= Beginning of Section =

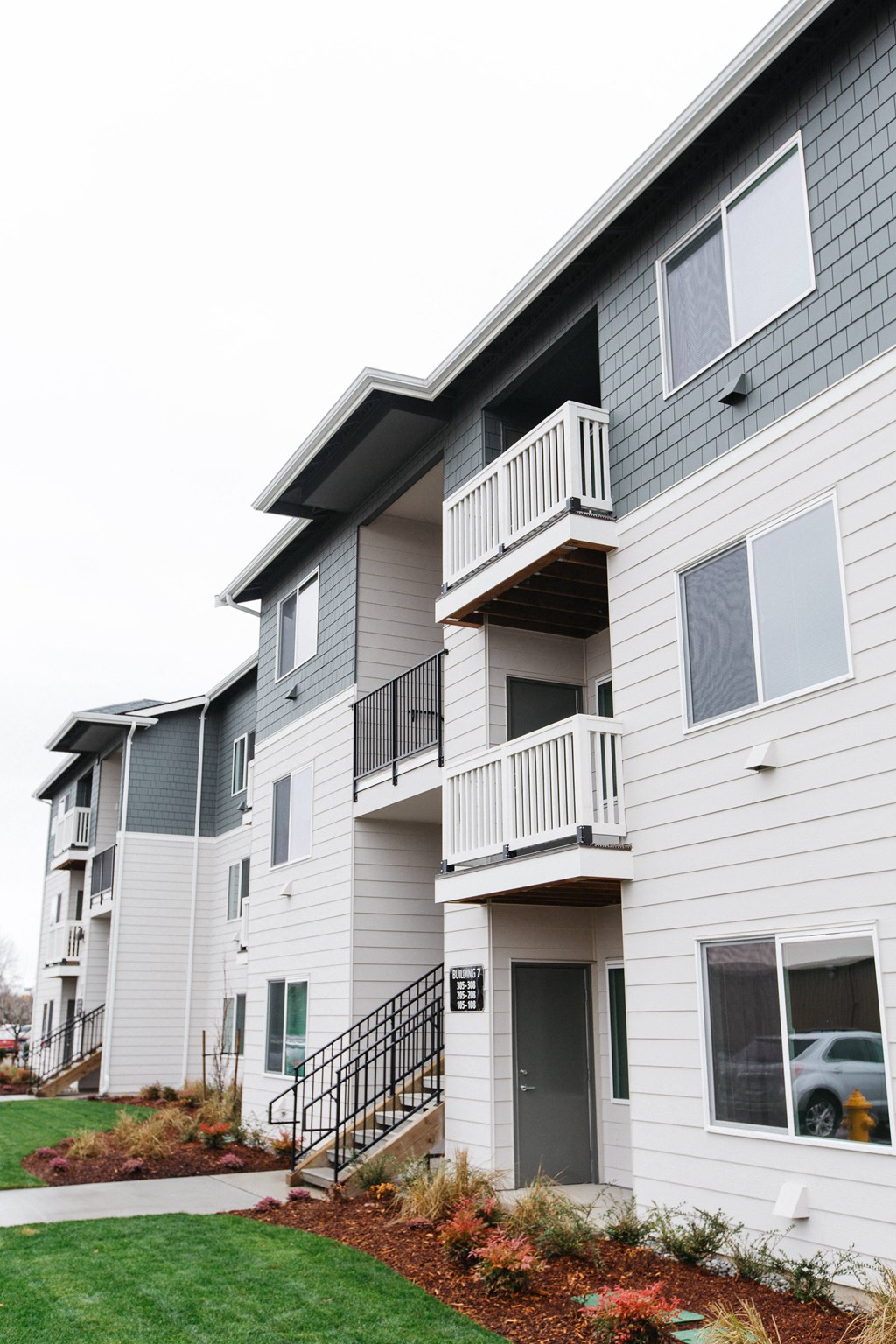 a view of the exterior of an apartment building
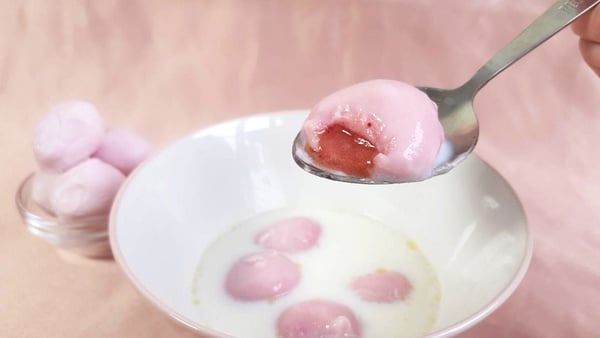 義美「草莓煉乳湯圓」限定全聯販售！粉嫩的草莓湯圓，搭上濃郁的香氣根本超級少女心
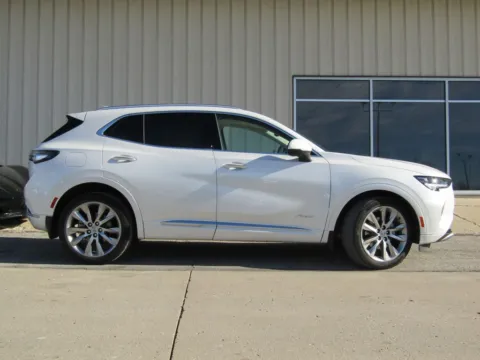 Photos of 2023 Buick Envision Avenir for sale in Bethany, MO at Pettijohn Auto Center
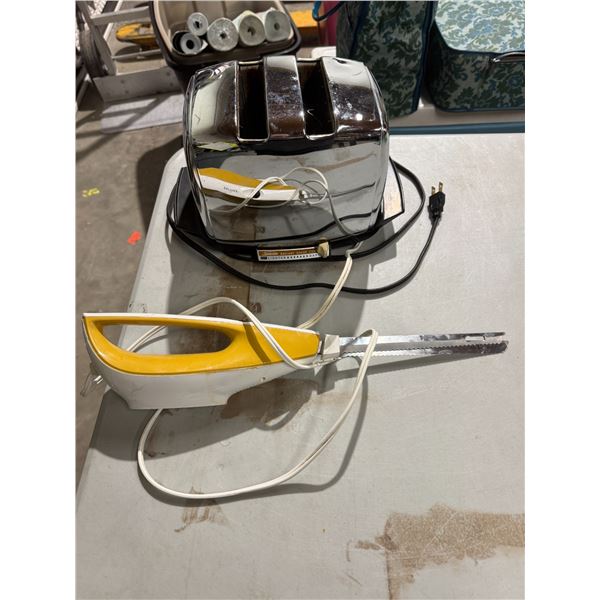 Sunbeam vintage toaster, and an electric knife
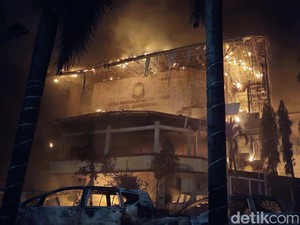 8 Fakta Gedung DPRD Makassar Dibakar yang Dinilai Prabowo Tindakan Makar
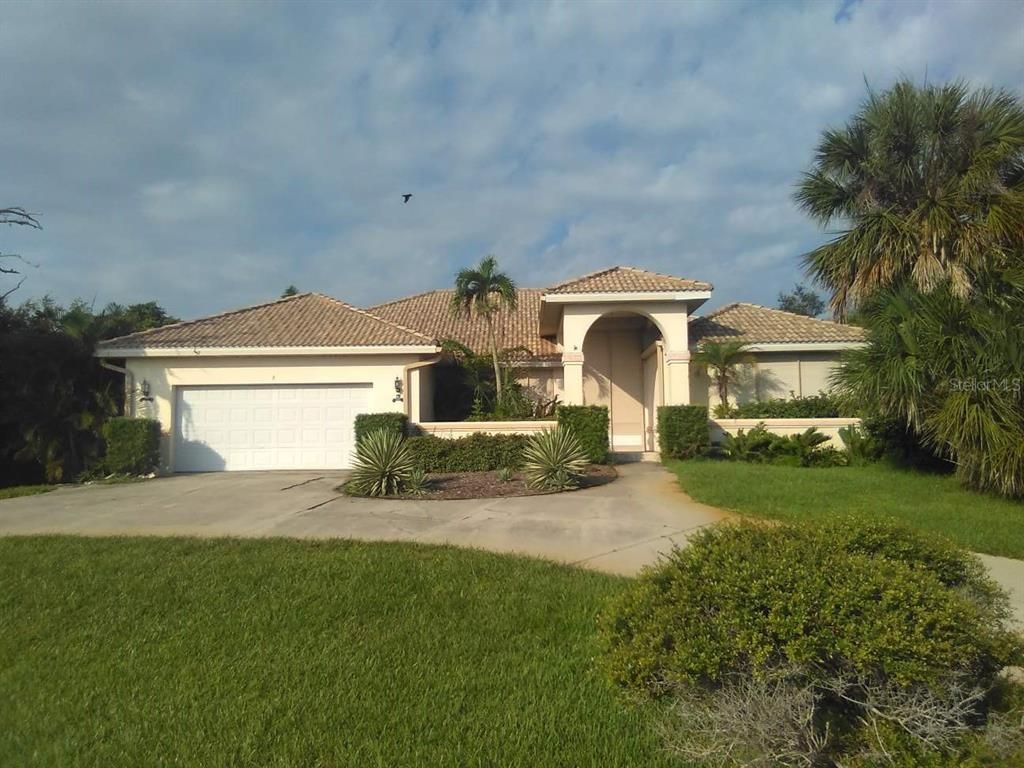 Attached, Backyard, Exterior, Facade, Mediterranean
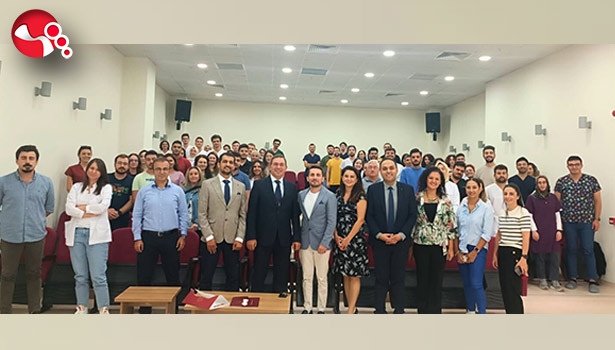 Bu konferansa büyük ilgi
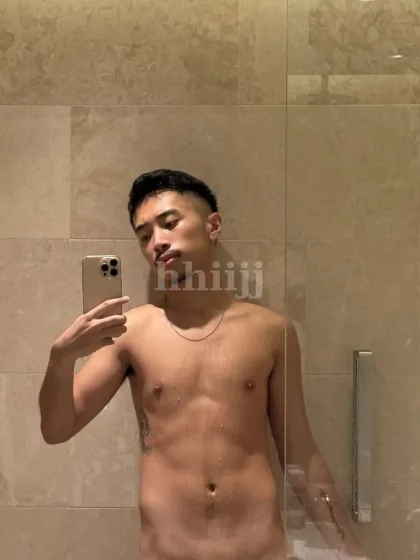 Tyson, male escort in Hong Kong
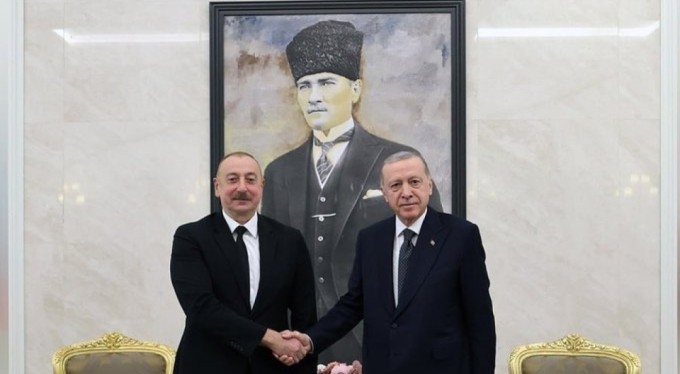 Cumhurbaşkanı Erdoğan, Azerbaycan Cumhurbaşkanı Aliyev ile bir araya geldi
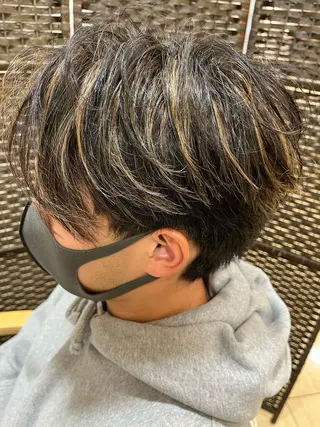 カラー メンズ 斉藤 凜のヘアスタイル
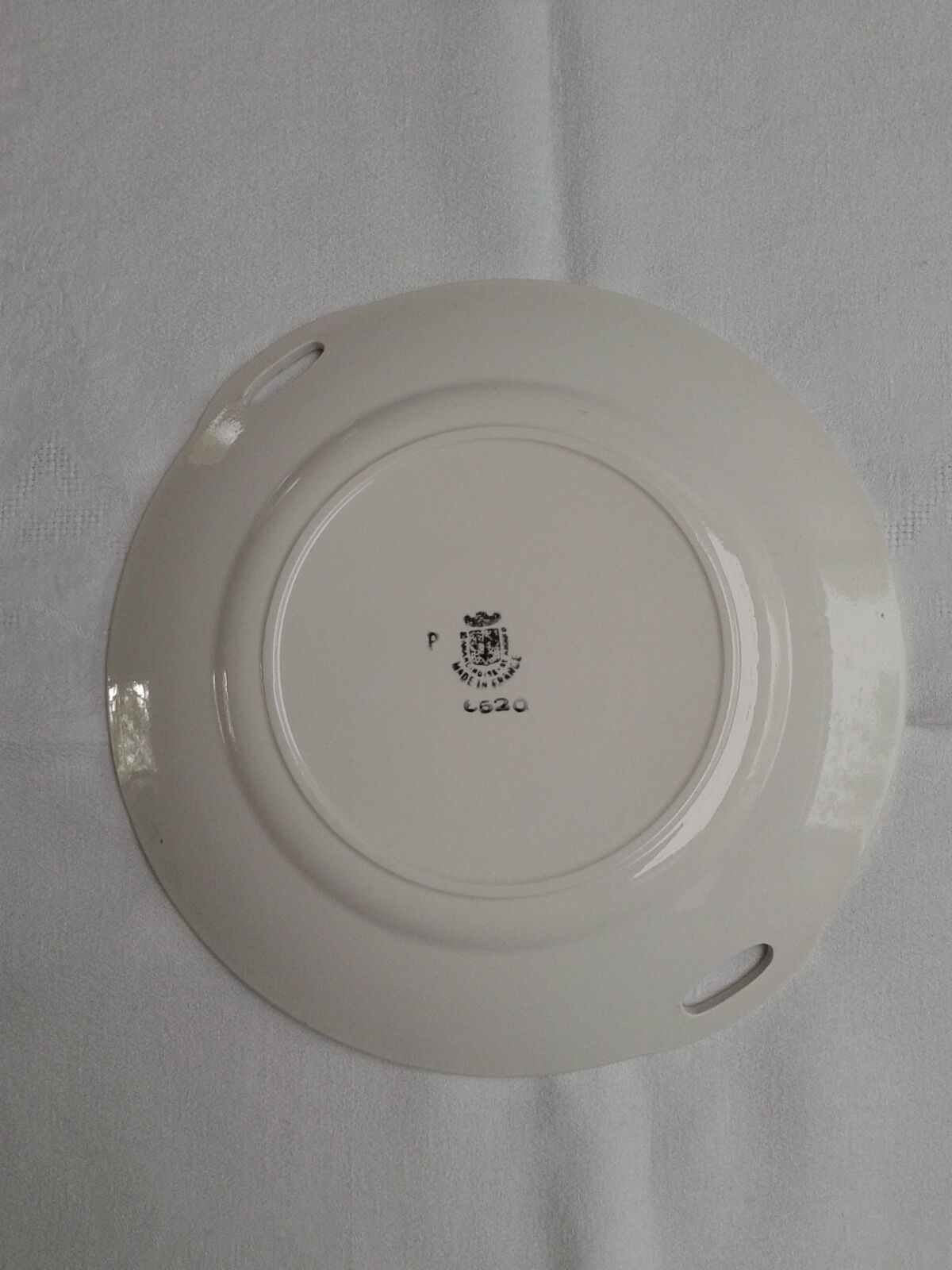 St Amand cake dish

= End of Section =

Write every entry out again exactly, images omitted.

 a view of the exterior of an apartment building
 義美「草莓煉乳湯圓」限定全聯販售！粉嫩的草莓湯圓，搭上濃郁的香氣根本超級少女心
 Photos of 2023 Buick Envision Avenir for sale in Bethany, MO at Pettijohn Auto Center
 Sunbeam vintage toaster, and an electric knife
 8 Fakta Gedung DPRD Makassar Dibakar yang Dinilai Prabowo Tindakan Makar
 Attached, Backyard, Exterior, Facade, Mediterranean
 Bu konferansa büyük ilgi
 Tyson, male escort in Hong Kong
 Cumhurbaşkanı Erdoğan, Azerbaycan Cumhurbaşkanı Aliyev ile bir araya geldi
 カラー メンズ 斉藤 凜のヘアスタイル
 St Amand cake dish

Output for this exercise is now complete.